How am I going to come up with a strategy that I tell you that you can't figure out? Do you have any guesses?

Let's say that between each turn, I went over into the bathroom and I tossed a coin. And if it landed on heads, I would put it in my right hand. And if it landed on tails, I'd put it in my left hand. Now, let's say the first time I go away, I toss a coin.

Which one would you guess, and would you know that it was in there?

No, you wouldn't.

And on the second time, which would you guess? And would you know?

No, you would never know because I was doing something called randomizing. I was flipping the coin, and you don't know what side it's going to land on, and that's how I picked which hand to put it in. So, I told you my strategy, and you still couldn't figure it out.

That is game theory optimal play.

GTO Level 2: Teenager

Sup? So, let's say we were playing rock, paper, scissors and I wanted to come up with a strategy that could not be beaten. What do you think that might be?

So, let's say I switched between paper and rock and occasionally threw scissors, but mostly paper, rock, paper, rock, a little bit of scissors. Could I be beat?

The thing is, I could because somebody could play against me and notice a pattern. And in actuality, the only nonpattern would be randomizing between rock, paper, and scissors.

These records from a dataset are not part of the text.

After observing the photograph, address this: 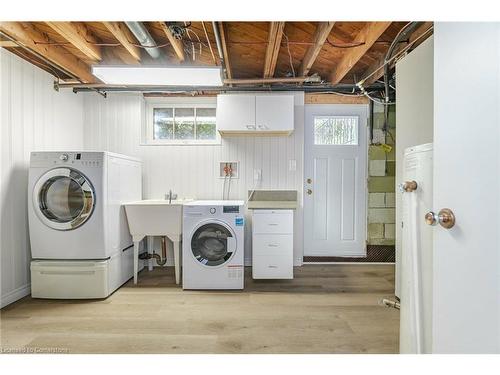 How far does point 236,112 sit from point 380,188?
2.10 metres

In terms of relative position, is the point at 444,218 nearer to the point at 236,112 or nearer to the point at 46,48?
the point at 236,112

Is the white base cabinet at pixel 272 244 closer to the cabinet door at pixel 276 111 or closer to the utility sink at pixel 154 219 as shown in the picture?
the utility sink at pixel 154 219

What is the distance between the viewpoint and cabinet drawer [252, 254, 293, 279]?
288 cm

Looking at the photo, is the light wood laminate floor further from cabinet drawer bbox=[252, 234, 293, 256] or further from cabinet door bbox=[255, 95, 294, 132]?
cabinet door bbox=[255, 95, 294, 132]

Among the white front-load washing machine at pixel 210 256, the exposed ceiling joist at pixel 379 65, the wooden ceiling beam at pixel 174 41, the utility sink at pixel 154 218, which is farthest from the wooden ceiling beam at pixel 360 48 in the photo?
the utility sink at pixel 154 218

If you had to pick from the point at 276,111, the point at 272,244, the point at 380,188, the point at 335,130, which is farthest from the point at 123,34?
the point at 380,188

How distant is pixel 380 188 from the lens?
3.54m

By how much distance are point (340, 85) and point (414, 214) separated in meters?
2.41

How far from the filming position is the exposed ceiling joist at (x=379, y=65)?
226 centimetres

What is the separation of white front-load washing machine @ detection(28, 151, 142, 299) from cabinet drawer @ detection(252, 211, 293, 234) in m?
1.46

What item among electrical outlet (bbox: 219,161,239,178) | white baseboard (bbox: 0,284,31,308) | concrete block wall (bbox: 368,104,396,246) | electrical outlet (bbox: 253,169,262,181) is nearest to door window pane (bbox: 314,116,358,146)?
concrete block wall (bbox: 368,104,396,246)

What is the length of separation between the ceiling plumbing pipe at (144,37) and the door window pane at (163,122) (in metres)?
0.93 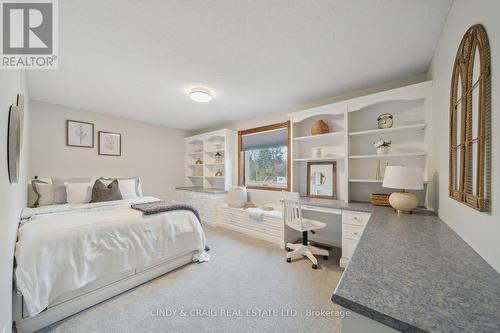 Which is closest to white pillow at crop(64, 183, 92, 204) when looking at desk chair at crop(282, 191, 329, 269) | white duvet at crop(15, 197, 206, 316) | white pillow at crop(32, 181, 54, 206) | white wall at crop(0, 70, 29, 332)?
white pillow at crop(32, 181, 54, 206)

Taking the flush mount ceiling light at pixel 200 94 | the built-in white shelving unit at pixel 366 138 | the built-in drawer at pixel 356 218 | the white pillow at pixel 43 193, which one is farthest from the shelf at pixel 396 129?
the white pillow at pixel 43 193

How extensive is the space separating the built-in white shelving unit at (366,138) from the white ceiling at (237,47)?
0.29 meters

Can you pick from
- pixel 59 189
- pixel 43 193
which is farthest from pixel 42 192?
pixel 59 189

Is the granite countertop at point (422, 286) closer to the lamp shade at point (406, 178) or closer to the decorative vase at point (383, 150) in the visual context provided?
the lamp shade at point (406, 178)

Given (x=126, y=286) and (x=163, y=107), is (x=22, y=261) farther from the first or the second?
(x=163, y=107)

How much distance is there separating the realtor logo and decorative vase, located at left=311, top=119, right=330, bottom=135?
3006 millimetres

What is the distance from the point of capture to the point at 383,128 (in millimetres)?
2486

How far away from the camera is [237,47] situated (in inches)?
71.9

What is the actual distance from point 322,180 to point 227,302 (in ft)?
7.19

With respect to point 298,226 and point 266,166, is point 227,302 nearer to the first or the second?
point 298,226

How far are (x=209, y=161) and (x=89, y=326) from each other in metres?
3.60

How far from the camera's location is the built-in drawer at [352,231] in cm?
226

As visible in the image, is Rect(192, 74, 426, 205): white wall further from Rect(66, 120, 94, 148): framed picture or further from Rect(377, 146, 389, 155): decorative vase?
Rect(66, 120, 94, 148): framed picture

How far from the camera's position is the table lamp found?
1.87 m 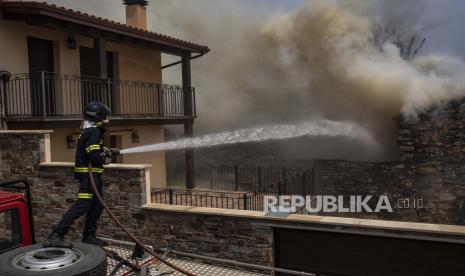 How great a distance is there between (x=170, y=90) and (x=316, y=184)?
6029 millimetres

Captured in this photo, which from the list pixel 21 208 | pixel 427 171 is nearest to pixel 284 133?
pixel 427 171

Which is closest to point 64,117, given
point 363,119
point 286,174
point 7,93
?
point 7,93

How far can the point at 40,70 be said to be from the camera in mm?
10688

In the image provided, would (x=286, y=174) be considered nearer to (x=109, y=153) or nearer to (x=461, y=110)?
(x=461, y=110)

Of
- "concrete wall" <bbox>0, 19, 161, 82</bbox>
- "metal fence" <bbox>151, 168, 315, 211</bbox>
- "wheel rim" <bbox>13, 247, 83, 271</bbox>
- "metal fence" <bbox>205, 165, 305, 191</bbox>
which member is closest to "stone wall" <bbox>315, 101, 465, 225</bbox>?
"metal fence" <bbox>151, 168, 315, 211</bbox>

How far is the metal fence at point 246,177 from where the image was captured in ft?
52.3

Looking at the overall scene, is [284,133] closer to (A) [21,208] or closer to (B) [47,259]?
(A) [21,208]

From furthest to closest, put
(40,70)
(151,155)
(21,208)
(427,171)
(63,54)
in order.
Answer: (151,155), (427,171), (63,54), (40,70), (21,208)

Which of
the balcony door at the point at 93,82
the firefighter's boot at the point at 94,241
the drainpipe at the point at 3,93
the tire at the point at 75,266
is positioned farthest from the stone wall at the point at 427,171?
the tire at the point at 75,266

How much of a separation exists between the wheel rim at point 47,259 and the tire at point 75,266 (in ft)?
0.10

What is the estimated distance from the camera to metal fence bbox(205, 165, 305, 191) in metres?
16.0

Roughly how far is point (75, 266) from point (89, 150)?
1882mm

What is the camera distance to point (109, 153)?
16.1ft

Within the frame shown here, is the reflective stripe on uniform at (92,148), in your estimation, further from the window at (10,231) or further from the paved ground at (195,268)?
the window at (10,231) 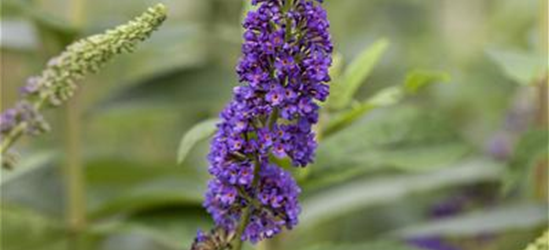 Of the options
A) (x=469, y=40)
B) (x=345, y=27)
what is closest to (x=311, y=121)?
(x=345, y=27)

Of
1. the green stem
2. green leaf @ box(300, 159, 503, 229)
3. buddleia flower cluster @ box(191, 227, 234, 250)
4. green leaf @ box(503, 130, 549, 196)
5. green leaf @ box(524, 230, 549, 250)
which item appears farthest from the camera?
green leaf @ box(300, 159, 503, 229)

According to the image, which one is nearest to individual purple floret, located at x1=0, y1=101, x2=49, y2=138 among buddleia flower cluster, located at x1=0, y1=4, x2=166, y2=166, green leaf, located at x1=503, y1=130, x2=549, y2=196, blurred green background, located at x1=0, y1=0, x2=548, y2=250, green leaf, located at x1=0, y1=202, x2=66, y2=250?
buddleia flower cluster, located at x1=0, y1=4, x2=166, y2=166

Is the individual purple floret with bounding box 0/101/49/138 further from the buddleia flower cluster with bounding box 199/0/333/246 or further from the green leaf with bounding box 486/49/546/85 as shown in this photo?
the green leaf with bounding box 486/49/546/85

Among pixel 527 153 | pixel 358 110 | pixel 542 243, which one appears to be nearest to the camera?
pixel 542 243

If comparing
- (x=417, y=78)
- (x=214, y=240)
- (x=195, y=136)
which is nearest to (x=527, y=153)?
(x=417, y=78)

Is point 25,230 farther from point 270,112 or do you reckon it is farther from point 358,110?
→ point 270,112

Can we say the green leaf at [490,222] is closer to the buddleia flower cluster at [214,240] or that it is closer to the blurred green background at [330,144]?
the blurred green background at [330,144] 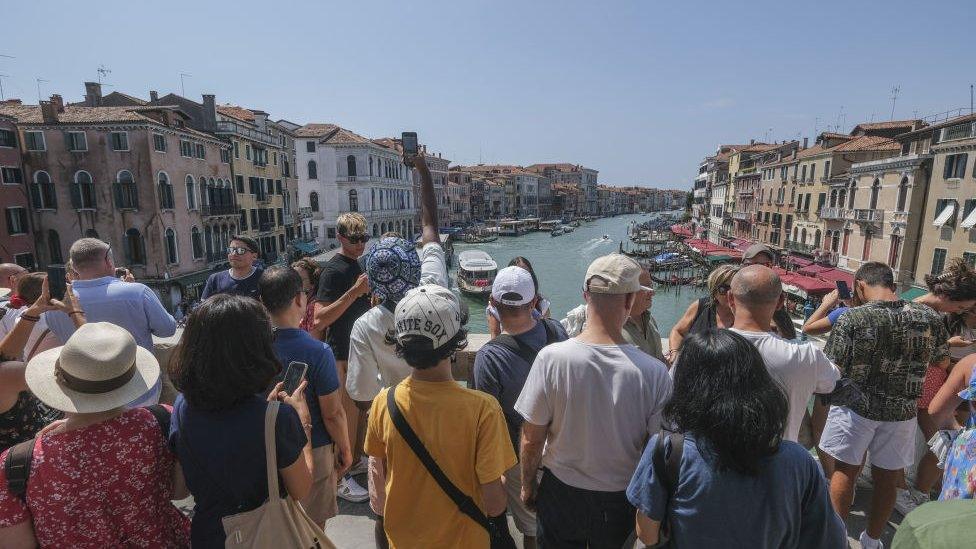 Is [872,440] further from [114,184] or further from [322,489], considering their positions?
[114,184]

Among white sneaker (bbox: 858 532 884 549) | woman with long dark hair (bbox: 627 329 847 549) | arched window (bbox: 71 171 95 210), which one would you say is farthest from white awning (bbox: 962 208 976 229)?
arched window (bbox: 71 171 95 210)

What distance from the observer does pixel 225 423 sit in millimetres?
1547

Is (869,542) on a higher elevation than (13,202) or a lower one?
lower

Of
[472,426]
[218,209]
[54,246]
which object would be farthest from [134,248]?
[472,426]

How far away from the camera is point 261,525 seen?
1.55m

The way I would do this is, let's say I have a random number generator app on my phone, which you probably do. I would put three numbers in there. I'd go away. I'd press it. I'd look at number two, which is scissors for me, and then I would throw scissors. And that way, you would never know what I was going to do next. And while my strategy is not going to beat your strategy, because I'm not even guessing.

It's just random. You're not going to be able to come up with a strategy that beats mine.

Now, we apply that to poker, but in a much bigger way.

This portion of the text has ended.